Direct labor can also be described as process labor, productive labor, operating labor, etc.
b. Indirect Labor
The labor employed for the purpose of carrying out tasks incidental to goods produced or services provided, is indirect labor. Such labor does not alter the construction, composition or condition of the product. It cannot be practically traced to specific units of output. Wages of storekeepers, foremen, timekeepers, directors’ fees, salaries of salesmen etc, are examples of indirect labor costs.
Indirect labor may relate to the factory, the office or the selling and distribution divisions.
3. Expenses
Expenses may be direct or indirect.
a. Direct Expenses
These are the expenses that can be directly, conveniently and wholly allocated to specific cost centers or cost units. Examples of such expenses are as follows:
 Hire of some special machinery required for a particular contract
 Cost of defective work incurred in connection with a particular job or contract etc.
Direct expenses are sometimes also described as chargeable expenses.
b. Indirect Expenses
These are the expenses that cannot be directly, conveniently and wholly allocated to cost centers or cost units. Examples of such expenses are rent, lighting, insurance charges etc.
4. Overhead
The term overhead includes indirect material, indirect labor and indirect expenses. Thus, all indirect costs are overheads.
A manufacturing organization can broadly be divided into the following three divisions:
o Factory or works, where production is done
o Office and administration, where routine as well as policy matters are decided
o Selling and distribution, where products are sold and finally dispatched to customers
Overheads may be incurred in a factory or office or selling and distribution divisions. Thus, overheads may be of three types:
d. Factory Overheads
They include the following things:
 Indirect material used in a factory such as lubricants, oil, consumable stores etc.
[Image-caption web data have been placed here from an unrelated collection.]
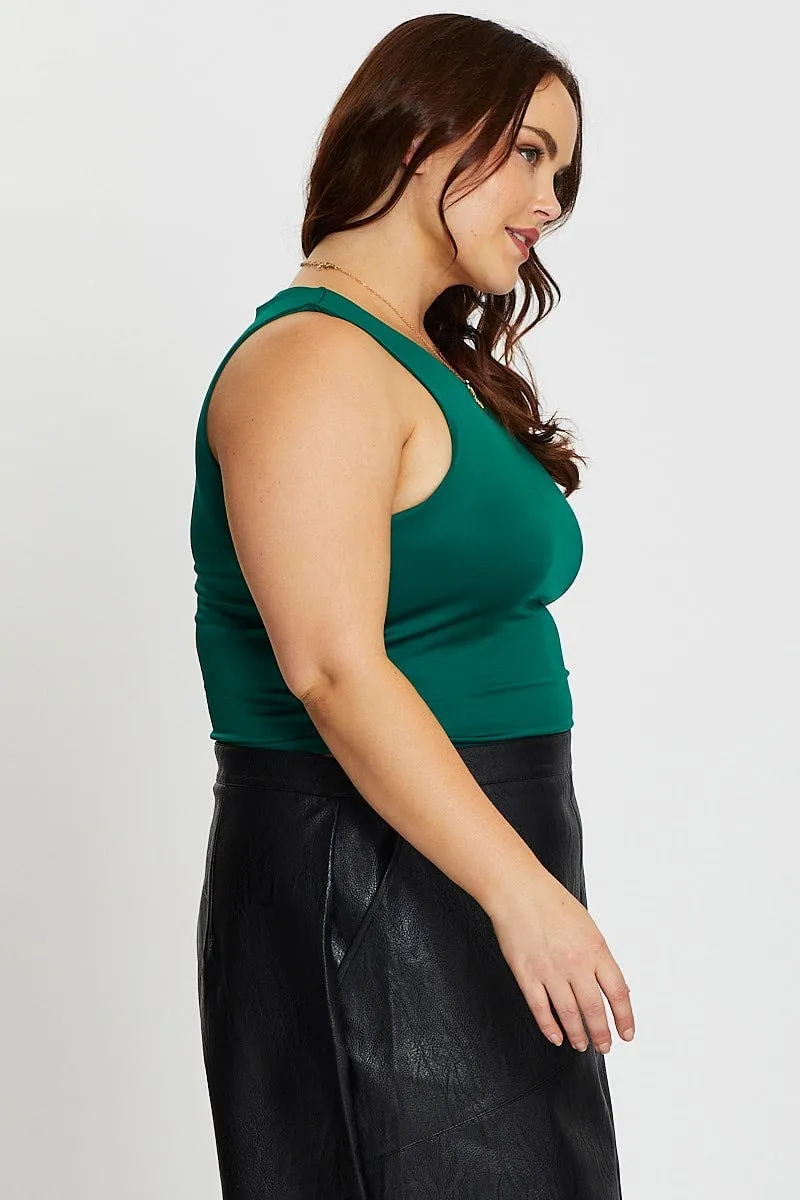 Easy Breath Green Tank Top Crew Neck Sleeveless Cotton Crop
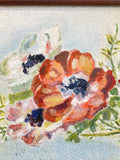 Framed floral oil on board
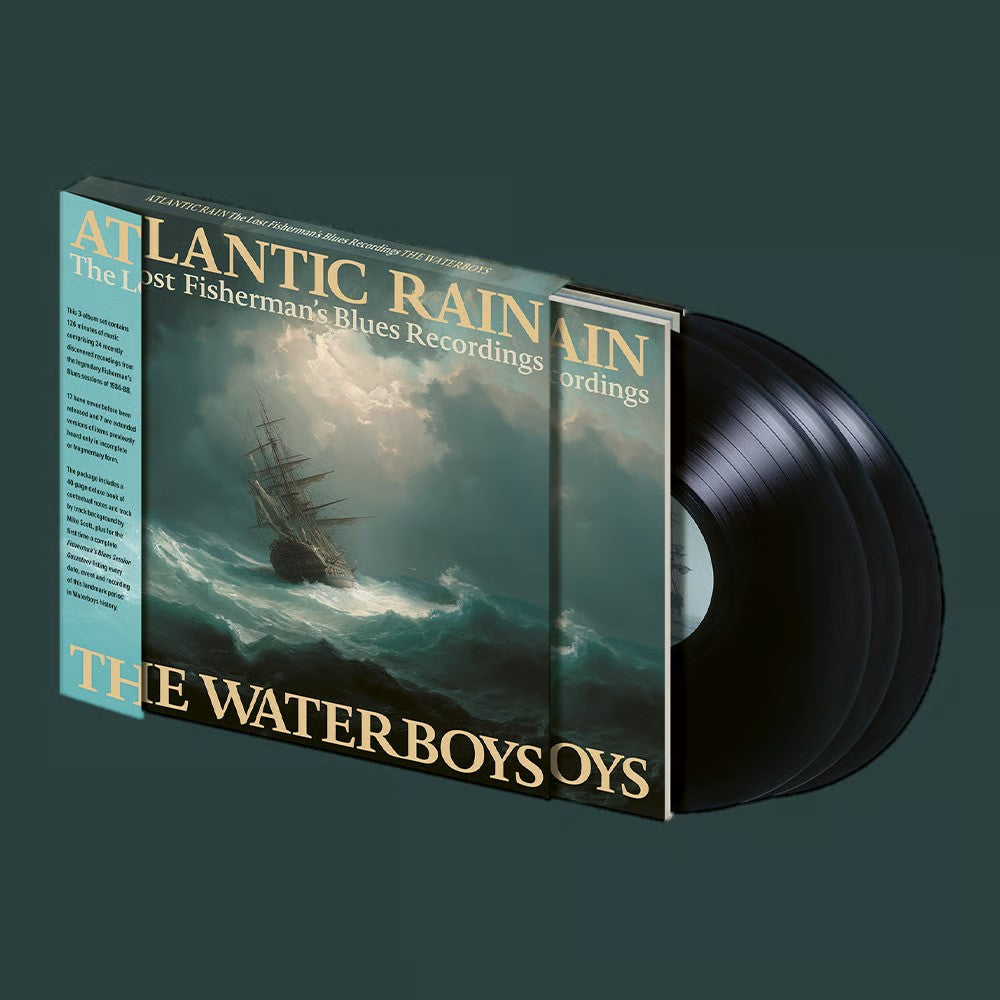 Vinyl record of The Waterboys’ “Atlantic Rain” album, stormy cover art.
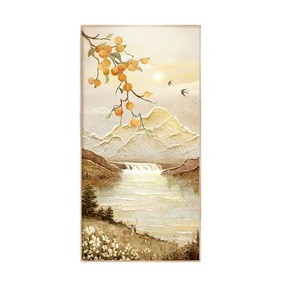 Landscape Painting Oil <b>Canvas</b> Wooden <b>Frame</b> 100% Handmade Classical Style For Entryway Or Corridor Decor - Product Image 5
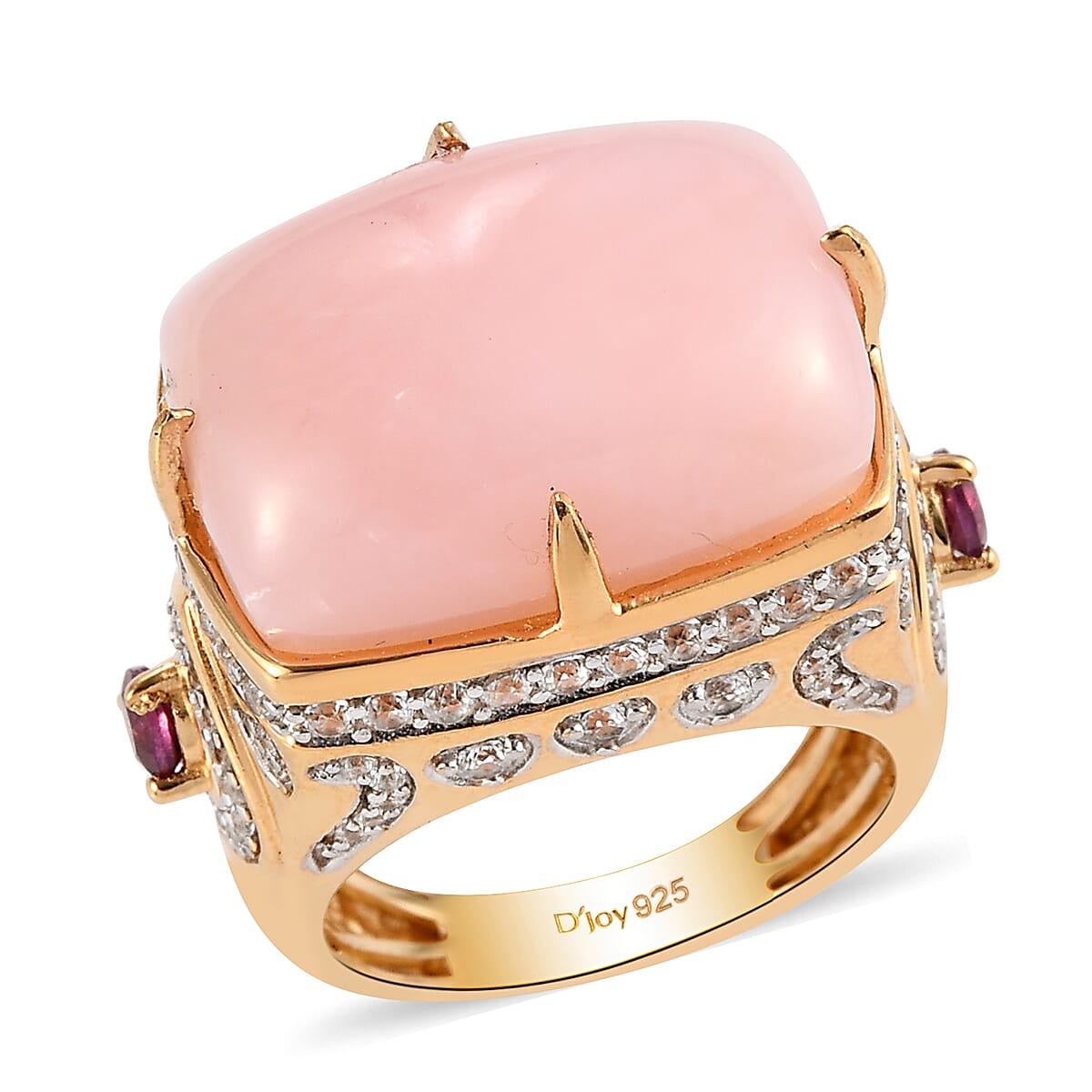 Peruvian Pink Opal and Multi Gemstone Ring in Vermeil Yellow Gold Over Sterling Silver (Size 10.0) 12.90 ctw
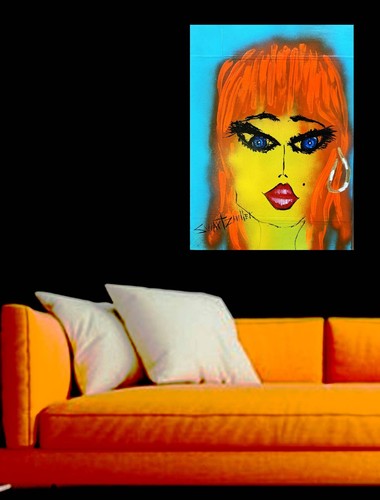 Quadro ritratto donna pop - donna, art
 Indirect labor such as gatekeeper, timekeeper, works manager’s salary etc.
 Indirect expenses such as factory rent, factory insurance, factory lighting etc.
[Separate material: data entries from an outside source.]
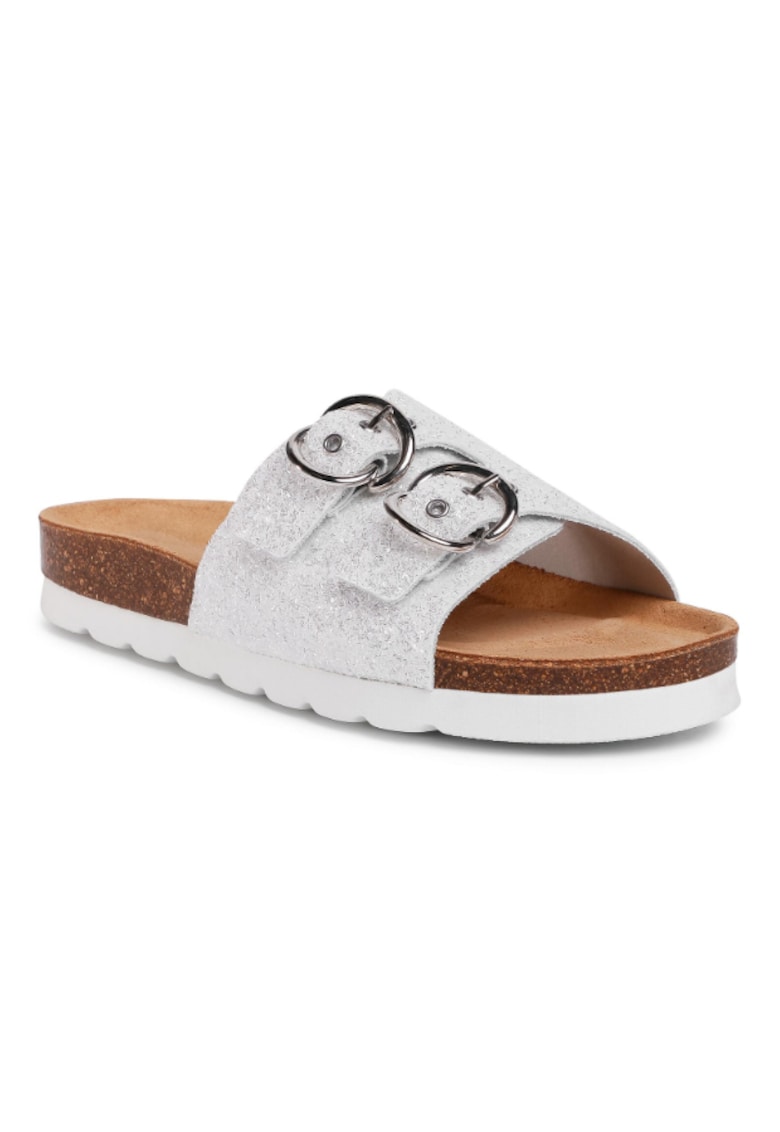 Papuci flip-flop dama - Textil - Argintiu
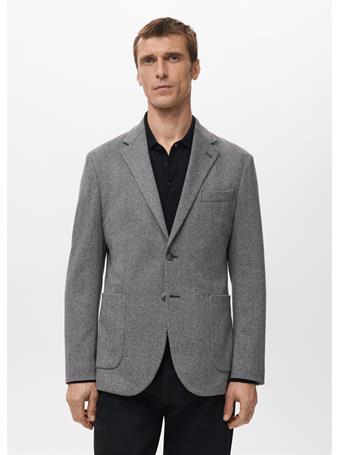MANGO - Slim-fit Herringbone Tailored Jacket DK GREY
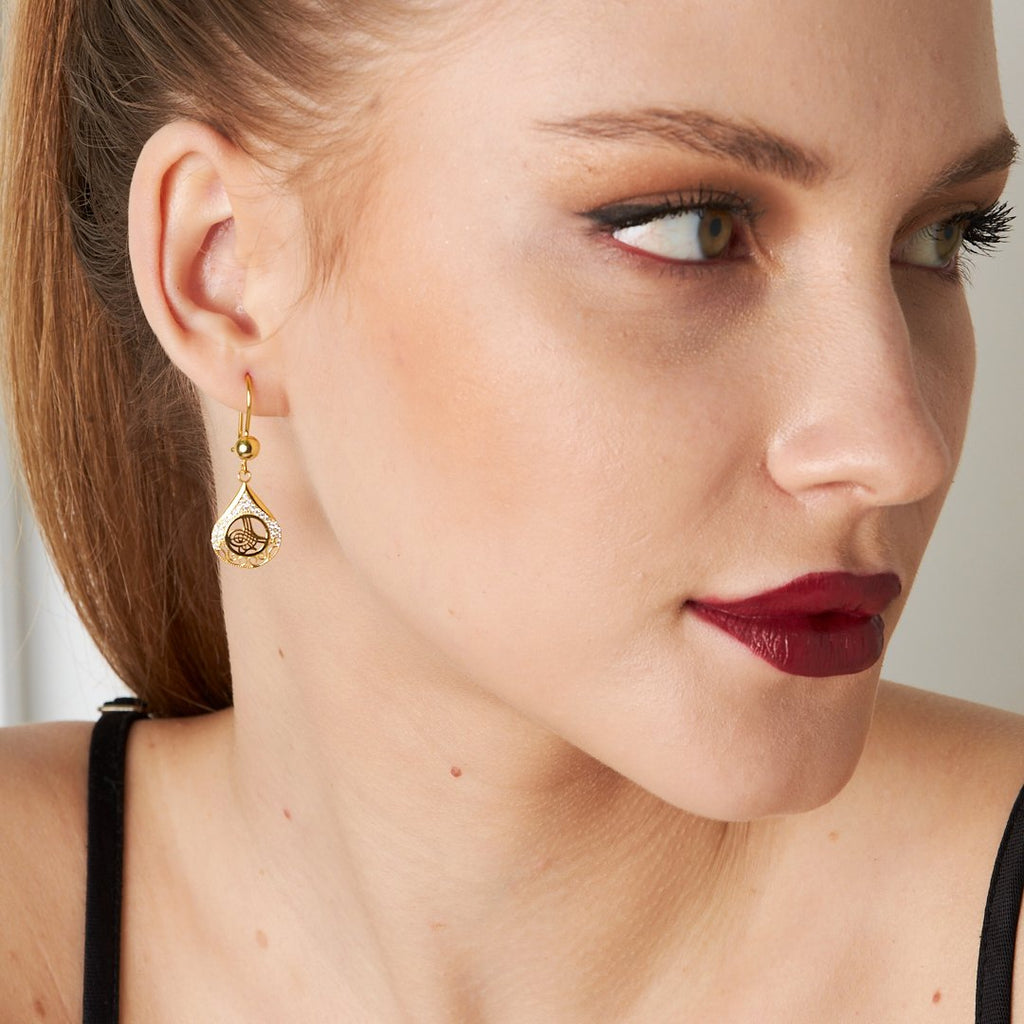 Monogram Taşlı Küpe - 925 GÜMÜŞ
e. Office and Administration Overheads
They include the following things:
 Indirect materials used in an office such as printing and stationery material, brooms and dusters etc.
 Indirect labor such as salaries payable to office manager, office accountant, clerks, etc.
 Indirect expenses such as rent, insurance, lighting of the office
f. Selling and Distribution Overheads
They include the following things:
 Indirect materials used such as packing material, printing and stationery material etc.
 Indirect labor such as salaries of salesmen and sales manager etc.
 Indirect expenses such as rent, insurance, advertising expenses etc.
Elements of Cost
o Direct material
o Direct labor
o Direct expenses
o Overheads
o Factory overheads
o Selling and distribution overheads
o Office and administration overheads
o Indirect material
o Indirect labor
o Indirect expenses
o Indirect material
o Indirect labor
o Indirect expenses
o Indirect material
o Indirect labor
o Indirect expenses
Components of Total Cost
1. Prime Cost
Prime cost consists of costs of direct materials, direct labors and direct expenses. It is also known as basic, first or flat cost.
2. Factory Cost
Factory cost comprises prime cost and, in addition, works or factory overheads that include costs of indirect materials, indirect labors and indirect expenses incurred in a factory. It is also known as works cost, production or manufacturing cost.
3. Office Cost
Office cost is the sum of office and administration overheads and factory cost. This is also termed as administration cost or the total cost of production.
4. Total Cost
Selling and distribution overheads are added to the total cost of production to get total cost or the cost of sales.